BEGIN
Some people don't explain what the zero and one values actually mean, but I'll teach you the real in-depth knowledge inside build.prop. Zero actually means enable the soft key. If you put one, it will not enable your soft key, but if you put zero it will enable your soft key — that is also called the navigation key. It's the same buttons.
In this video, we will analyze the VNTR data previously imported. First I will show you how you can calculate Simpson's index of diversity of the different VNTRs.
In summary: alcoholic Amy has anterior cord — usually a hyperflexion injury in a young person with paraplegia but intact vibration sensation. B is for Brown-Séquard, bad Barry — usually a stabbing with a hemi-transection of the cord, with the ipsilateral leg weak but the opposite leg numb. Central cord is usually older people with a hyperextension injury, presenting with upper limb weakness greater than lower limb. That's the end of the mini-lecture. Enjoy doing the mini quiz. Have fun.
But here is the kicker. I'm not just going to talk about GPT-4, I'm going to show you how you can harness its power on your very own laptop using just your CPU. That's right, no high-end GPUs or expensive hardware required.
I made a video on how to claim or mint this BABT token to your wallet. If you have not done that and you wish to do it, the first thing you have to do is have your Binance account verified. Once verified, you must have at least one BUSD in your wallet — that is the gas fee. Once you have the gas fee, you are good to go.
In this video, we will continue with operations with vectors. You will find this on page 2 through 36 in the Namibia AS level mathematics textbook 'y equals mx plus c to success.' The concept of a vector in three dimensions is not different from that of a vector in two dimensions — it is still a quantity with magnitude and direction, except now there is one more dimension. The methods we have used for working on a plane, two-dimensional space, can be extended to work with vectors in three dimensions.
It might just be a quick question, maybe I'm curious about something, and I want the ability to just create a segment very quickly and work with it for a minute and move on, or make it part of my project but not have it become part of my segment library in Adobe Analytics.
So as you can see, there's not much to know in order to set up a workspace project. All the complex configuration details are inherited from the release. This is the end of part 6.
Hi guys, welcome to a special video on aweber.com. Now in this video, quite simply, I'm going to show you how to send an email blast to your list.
END
BEGIN
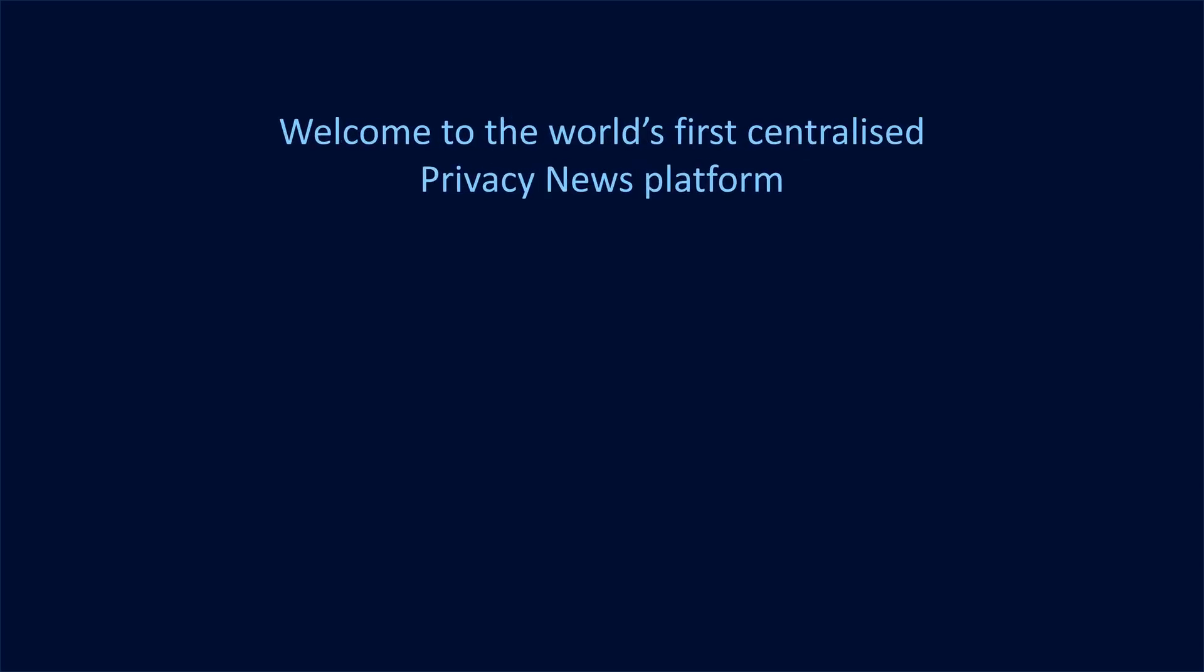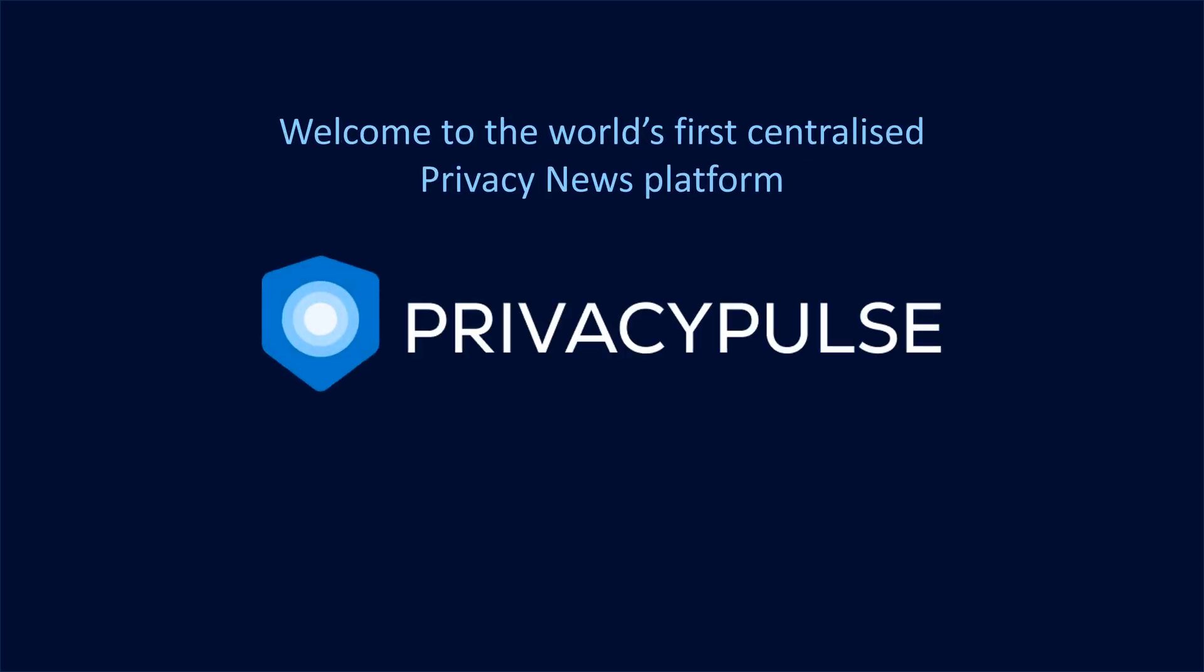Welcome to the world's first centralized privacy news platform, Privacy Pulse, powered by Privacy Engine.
END
Which lines above run from the one containing "In this video, we will analyze" to the one containing "I made a video"? Give them again exactly, both ends included.

REPLY TO THE TASK:
In this video, we will analyze the VNTR data previously imported. First I will show you how you can calculate Simpson's index of diversity of the different VNTRs.
In summary: alcoholic Amy has anterior cord — usually a hyperflexion injury in a young person with paraplegia but intact vibration sensation. B is for Brown-Séquard, bad Barry — usually a stabbing with a hemi-transection of the cord, with the ipsilateral leg weak but the opposite leg numb. Central cord is usually older people with a hyperextension injury, presenting with upper limb weakness greater than lower limb. That's the end of the mini-lecture. Enjoy doing the mini quiz. Have fun.
But here is the kicker. I'm not just going to talk about GPT-4, I'm going to show you how you can harness its power on your very own laptop using just your CPU. That's right, no high-end GPUs or expensive hardware required.
I made a video on how to claim or mint this BABT token to your wallet. If you have not done that and you wish to do it, the first thing you have to do is have your Binance account verified. Once verified, you must have at least one BUSD in your wallet — that is the gas fee. Once you have the gas fee, you are good to go.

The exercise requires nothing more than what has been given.